Las Vegas Sun

May 20, 2024

Big Springs safe from U.S. 95 expansion, official says

Widening U.S. 95 has put state transportation official Kent Cooper between a rock and a hard place.

On one hand, elected officials and northwest valley residents want a 10-lane expressway to handle 30,000 more cars daily on top of the 120,000 using the present six lanes. And they want it done now, not in 15 years.

On the other hand, Cooper is hearing from a growing group of concerned citizens who don't want to see a historical site paved over. Settlers came to the Las Vegas Valley because of the water found at Big Springs which runs south of U.S. 95 between Rancho Drive and Valley View Boulevard.

As project development manager for the Nevada Department of Transportation, Cooper said he's trying to find a way to expand the highway and save the site so the Las Vegas Valley Water District can preserve the springs and build an educational park.

"The department has no intention of taking the Big Springs site," Cooper said Wednesday during a meeting of the Friends of Big Springs at the West Charleston Library.

Then why consider paving Big Springs at all? Cooper said the Federal Highway Administration requires that all alternatives be put on the table. And since the south edge of the table includes Big Springs, it has to be considered as potentially being placed under asphalt.

Nevada State Historic Preservation Officer Ron James said the state has already ordered NDOT to trim its plans to excavate Big Springs. Rather than digging 39 trenches or more if anything significant was found, NDOT has to submit a more conservative plan. Consultant Roger Patton of Louis Berger & Associates said the plan could be ready as early as next week.

James said by sticking to strict excavation rules, the historic preservation office has already saved the taxpayers money. "Somebody in this room would have sued NDOT over that (the original) plan," he said.

In fact, the people of Las Vegas, not federal officials or NDOT, can help decide how to widen the expressway, either by removing 60 tract homes on the north or paving over the trickle left of Big Springs, Cooper said.

NDOT is preparing an environmental impact statement that must consider every alternative, including a road running through Big Springs. As it stands, the preferred solution would remove the homes on the north of the highway.

The homes run along the expressway between Jones Boulevard and Rancho Drive. Some 114 apartments are located between Torrey Pines Drive and Jones. Twenty-one businesses are clustered near Jones and between Rancho and Martin Luther King Boulevard.

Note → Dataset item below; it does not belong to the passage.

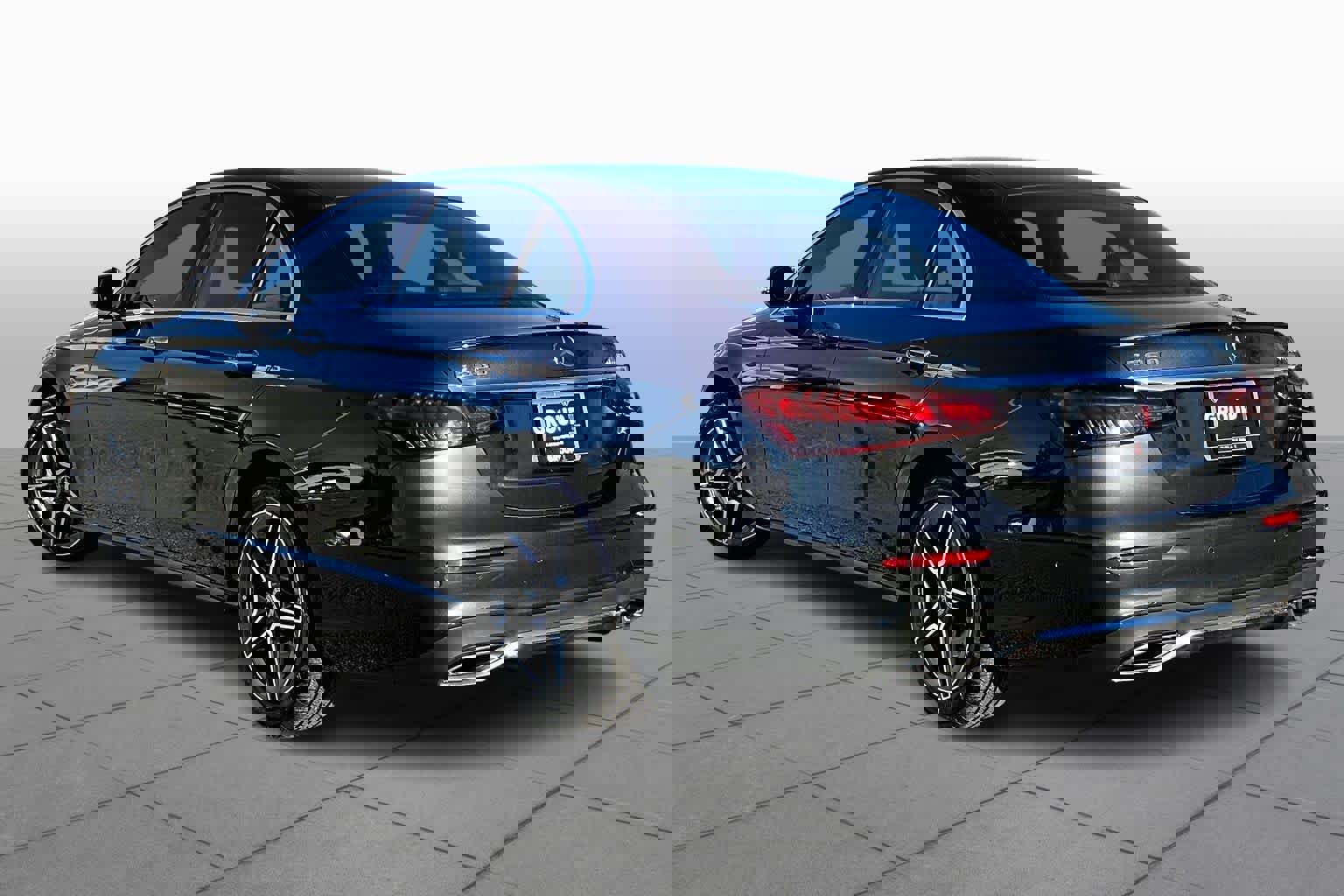 Used 2022 Mercedes-Benz E 350 4MATIC Sedan image 11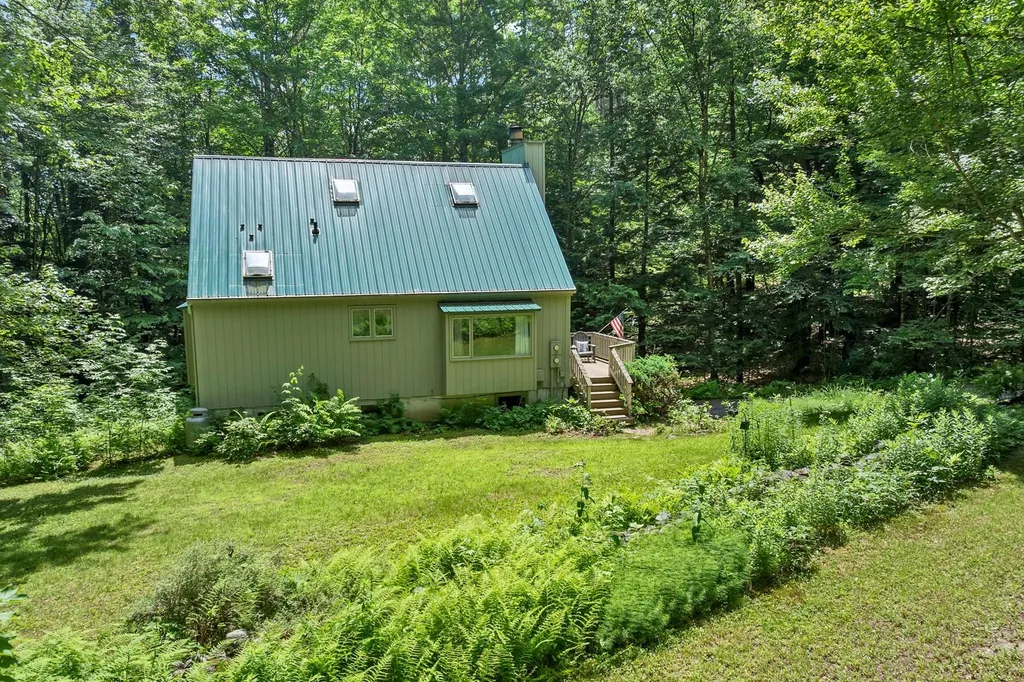 28 Cold Spring Road Thornton NH 03825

If transportation officials decide to take the water district's property, however, every citizen in the valley could feel the pinch in future water rate increases after three major supply wells and their pipelines are moved.

In addition to the modern wells, the ancient site may have hosted people at the springs up to 7,000 years ago.

There's also bear-claw poppy, burrowing owls and peregrine falcons that call Big Springs home and are endangered or threatened.